Tecrübe ve akılla kazanılan bilgiler kasıtlı olarak yanlış verilebilir. İşte öğretileblen cehalet de burada başlar.
Yanlış bilgi neden öğretilir?
Buna latinler şöyle cevap vermişlerdir:
“Responsabilitatem doceri servitute ignorantia.” Yani, “öğretilen cehaletin vebali esarettir.”
Demek ki bir milleti esaret altına almak isterseniz ona cehalet öğretisi vermek gerekir.
Hürriyet ile doğru bilgi, yalan ve cehalet ile esaret arasındaki ilişkinin sebebi budur.
**
Yüce Allah Mekke müşriklerinin atalarının yanlış öğretisi ile cehalet ve inatla iman etmemelerine “Yalancılar kahrolsun. Onlar cehalete bürünmüş olan gafillerdir.” (Zariyat Suresi, 51: 10-11.) buyurur.
Öğretilebilir cehalet “önyargıyı” doğurur. Önyargı öğrenmeyi engeller. Zira bir şeyi bildiğini zanneden gerçeği öğrenemez. Böylece cahil kalır.
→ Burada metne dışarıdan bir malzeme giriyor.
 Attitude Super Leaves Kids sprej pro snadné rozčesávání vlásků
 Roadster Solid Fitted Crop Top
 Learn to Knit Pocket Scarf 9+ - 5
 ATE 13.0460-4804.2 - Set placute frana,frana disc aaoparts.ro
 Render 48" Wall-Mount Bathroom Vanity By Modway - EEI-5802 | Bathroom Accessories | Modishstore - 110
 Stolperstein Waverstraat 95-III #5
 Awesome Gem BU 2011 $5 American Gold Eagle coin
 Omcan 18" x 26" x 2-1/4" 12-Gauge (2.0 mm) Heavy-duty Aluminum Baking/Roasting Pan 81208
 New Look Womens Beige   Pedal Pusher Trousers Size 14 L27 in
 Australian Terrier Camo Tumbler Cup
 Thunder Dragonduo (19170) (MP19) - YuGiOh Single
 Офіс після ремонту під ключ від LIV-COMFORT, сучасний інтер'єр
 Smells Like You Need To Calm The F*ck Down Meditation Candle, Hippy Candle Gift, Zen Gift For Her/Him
Yalan, imansızlık, tarafgirlik, siyaset, cerbeze, saldırı, ırkçılık ve iftira gibi kasde mahsus hususlar öğretilebilir cehaletin araçlarıdır.
Cehaletin en üst rütbesine böyle çıkılır.
Şair ne demiş?
“Cehlin ol rütbesi sehl olmaz,
Tahsilsiz bu rütbe cehl olmaz.”
**
Öğretilebilir cehalete Bediüzzaman “İlmî İstibat” adını verir.
Bu cehaletten kurtulmanın tek bir yolu vardır o da “Hürriyet-i İlmiye” yani “İlim ve Fikir hürriyeti”dir. “Risale-i Nur” eserlerinin bir amacı da “Öğretilebilir cehaletten” insanı korumaktır.